Problem to work on:
Look through the entries below and copy exactly the part that begins with the line containing "Symbol für das" and ends with the line containing "Jaqueta fleece dois". Do not copy the pictures.

Information shown:

┄┄┄┄┄┄

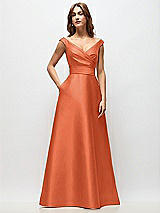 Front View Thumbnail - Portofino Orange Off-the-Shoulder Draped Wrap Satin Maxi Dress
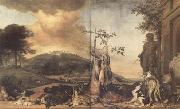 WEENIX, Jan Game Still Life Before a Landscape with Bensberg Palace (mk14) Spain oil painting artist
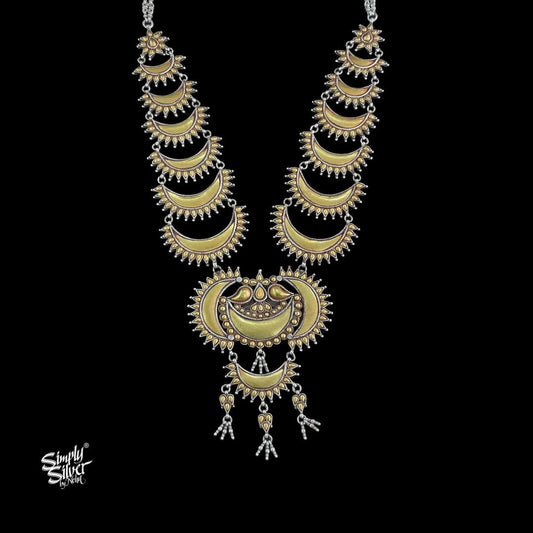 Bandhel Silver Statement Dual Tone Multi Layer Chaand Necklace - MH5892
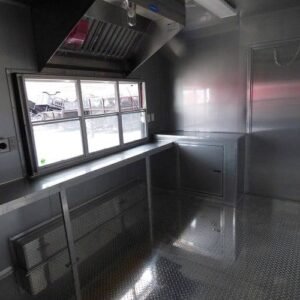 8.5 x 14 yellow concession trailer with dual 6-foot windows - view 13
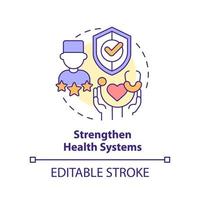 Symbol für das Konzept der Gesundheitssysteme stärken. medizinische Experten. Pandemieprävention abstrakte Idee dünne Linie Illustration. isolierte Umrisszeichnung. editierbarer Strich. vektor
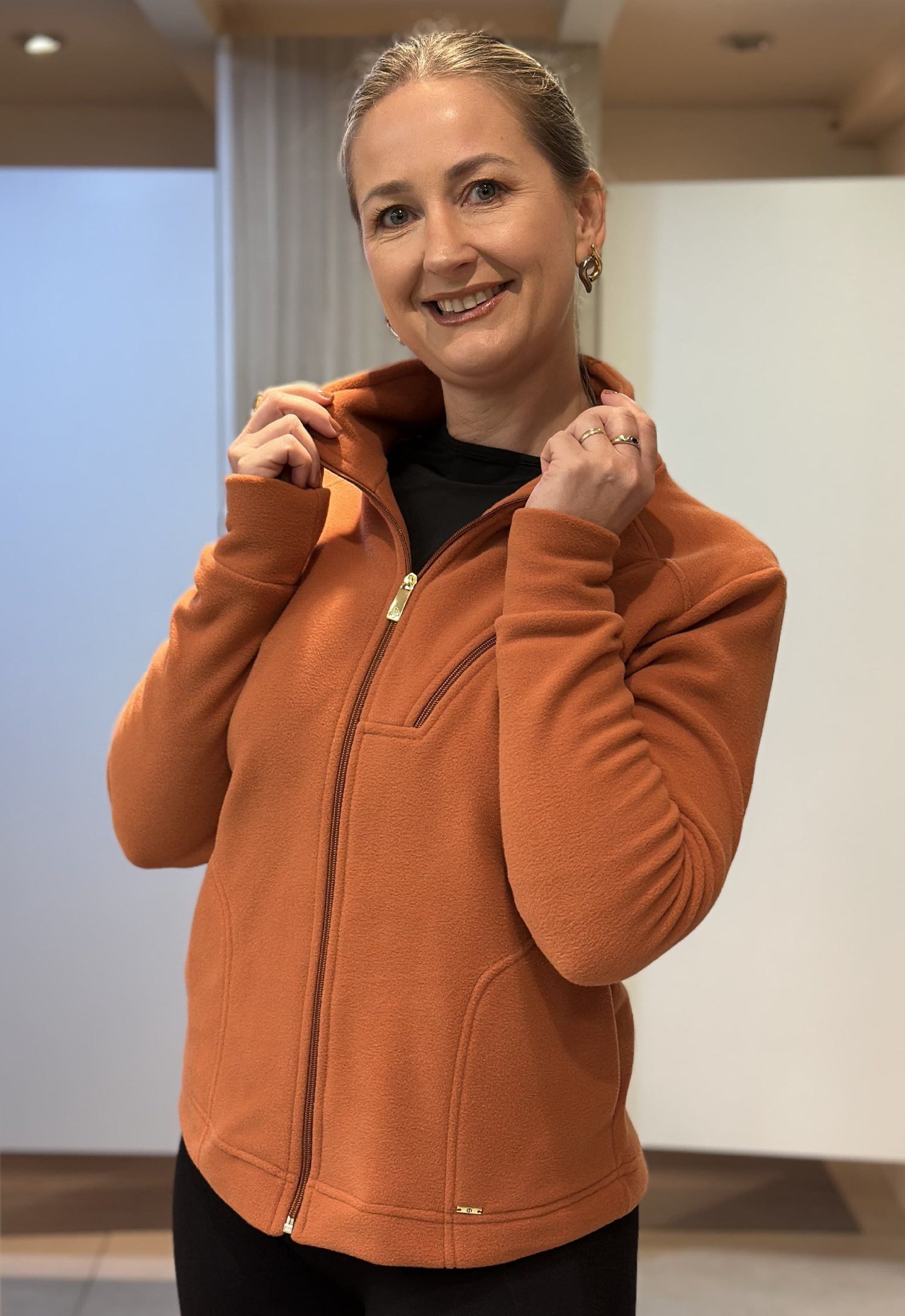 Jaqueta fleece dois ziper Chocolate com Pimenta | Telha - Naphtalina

┄┄┄┄┄┄

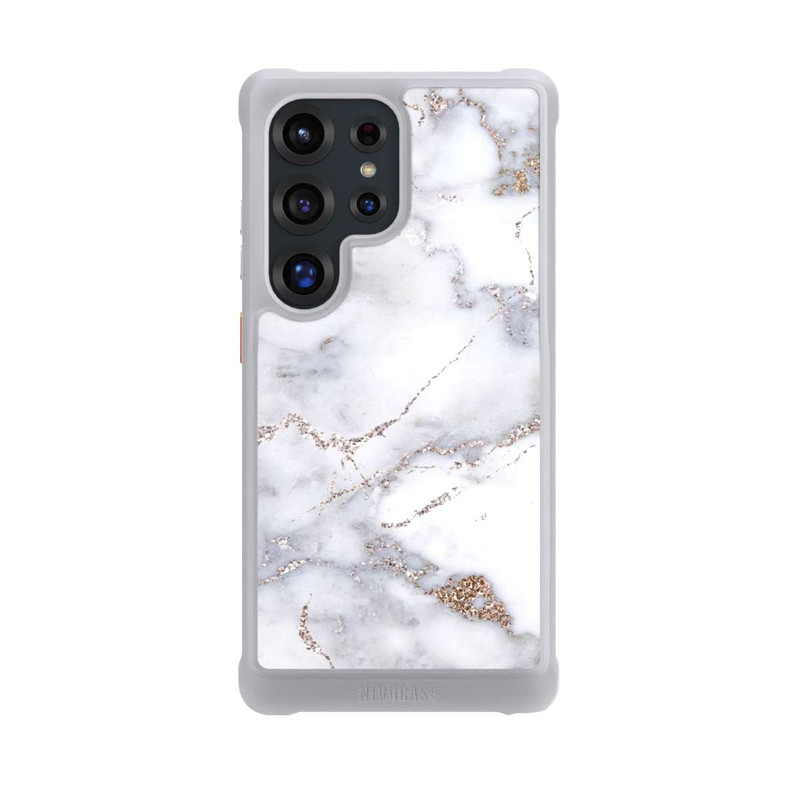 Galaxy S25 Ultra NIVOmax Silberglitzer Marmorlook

┄┄┄┄┄┄

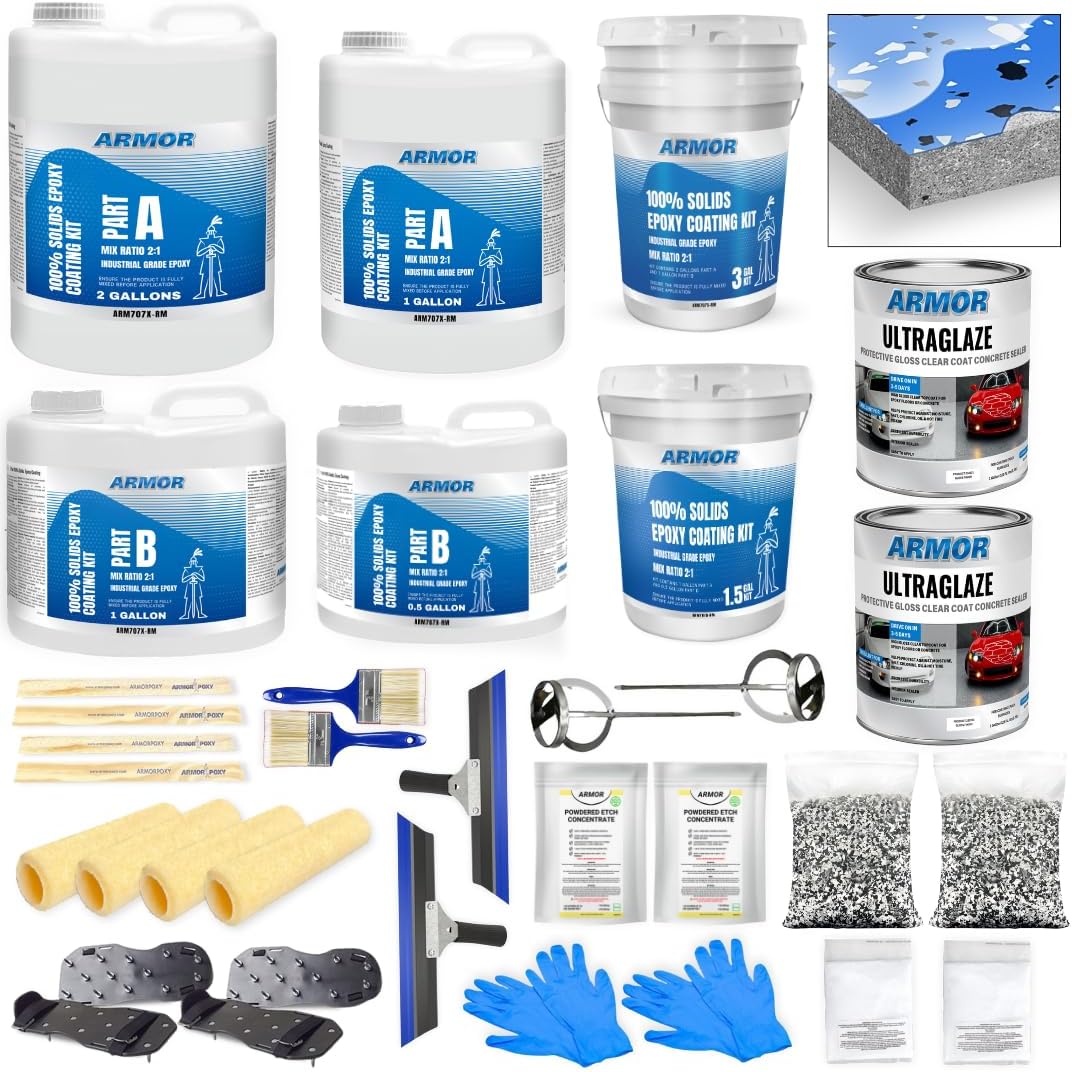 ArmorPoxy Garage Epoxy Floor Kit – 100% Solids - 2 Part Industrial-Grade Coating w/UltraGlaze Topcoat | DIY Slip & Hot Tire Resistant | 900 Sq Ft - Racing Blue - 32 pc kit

┄┄┄┄┄┄

Task output:
 Symbol für das Konzept der Gesundheitssysteme stärken. medizinische Experten. Pandemieprävention abstrakte Idee dünne Linie Illustration. isolierte Umrisszeichnung. editierbarer Strich. vektor
 Jaqueta fleece dois ziper Chocolate com Pimenta | Telha - Naphtalina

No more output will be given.